WhatsApp Ungkap Cara UMKM Raup Cuan Tanpa Website, Cuma Modal Chat
Bagi masyarakat Indonesia, WhatsApp adalah cara bisnis dijalankan. Sebanyak 88 persen, orang Indonesia mengirim pesan ke bisnis setiap minggunya, di mana hal ini menempatkan Indonesia pada posisi terdepan secara global dalam hal komunikasi bisnis melalui pesan.
Bagi banyak usaha kecil di Indonesia, WhatsApp bukan sekadar alat — ini adalah situs web mereka, etalase mereka, mata pencaharian mereka dan bagaimana mereka menjalankan bisnisnya.
Untuk merayakan UMKM di Indonesia serta komitmen Meta dalam mendukung Hari Belanja Online Nasional (Harbolnas) pada 12 Desember, WhatsApp berkolaborasi dengan UKMINDONESIA.ID menghadirkan Pasar Jajan WhatsApp — sebuah pop-up market yang berlangsung pada Rabu hari ini, 3 Desember 2025, pukul 10.00–21.00 WIB, di Selasar Jakarta Observatory and Planetarium, Taman Ismail Marzuki, Jakarta Pusat.

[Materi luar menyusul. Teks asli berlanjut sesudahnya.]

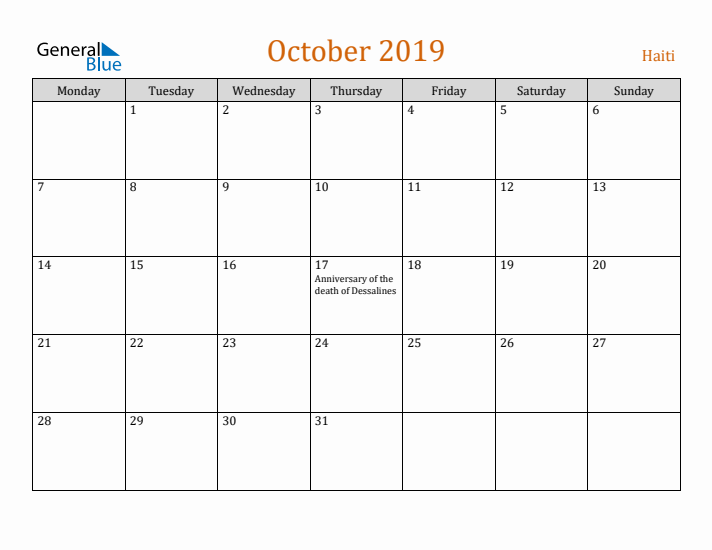 October 2019 Holiday Calendar with Monday Start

WhatsApp ingin mengajak masyarakat untuk merasakan kemudahan mengobrol dengan pelaku bisnis, bertanya seputar produk, dan berbelanja langsung melalui chat sambil menjelajahi pilihan produk makanan dan minuman terkurasi dari pelaku UMKM.
Menurut Kepala Kebijakan WhatsApp, Meta APAC, Esther Samboh, UMKM di Pasar Jajan WhatsApp menunjukkan bagaimana usaha kecil dapat berkembang dengan memanfaatkan alat digital sederhana yang gratis untuk digunakan dan sudah tersedia di aplikasi WhatsApp Business.
"Kami berharap masyarakat terus merayakan perjalanan UMKM lokal ini, serta mendukung para pelaku usaha kecil untuk terhubung dengan lebih banyak pelanggan melalui aplikasi WhatsApp Business," katanya di Jakarta.
Pasar Jajan WhatsApp merupakan bagian dari rangkaian inisiatif dan Pelatihan UMKM Tangguh: Bertahan dan Tumbuh Menghadapi Tantangan di tiga kota yang digelar WhatsApp bekerja sama dengan berbagai mitra untuk mendukung transformasi digital UMKM di Indonesia.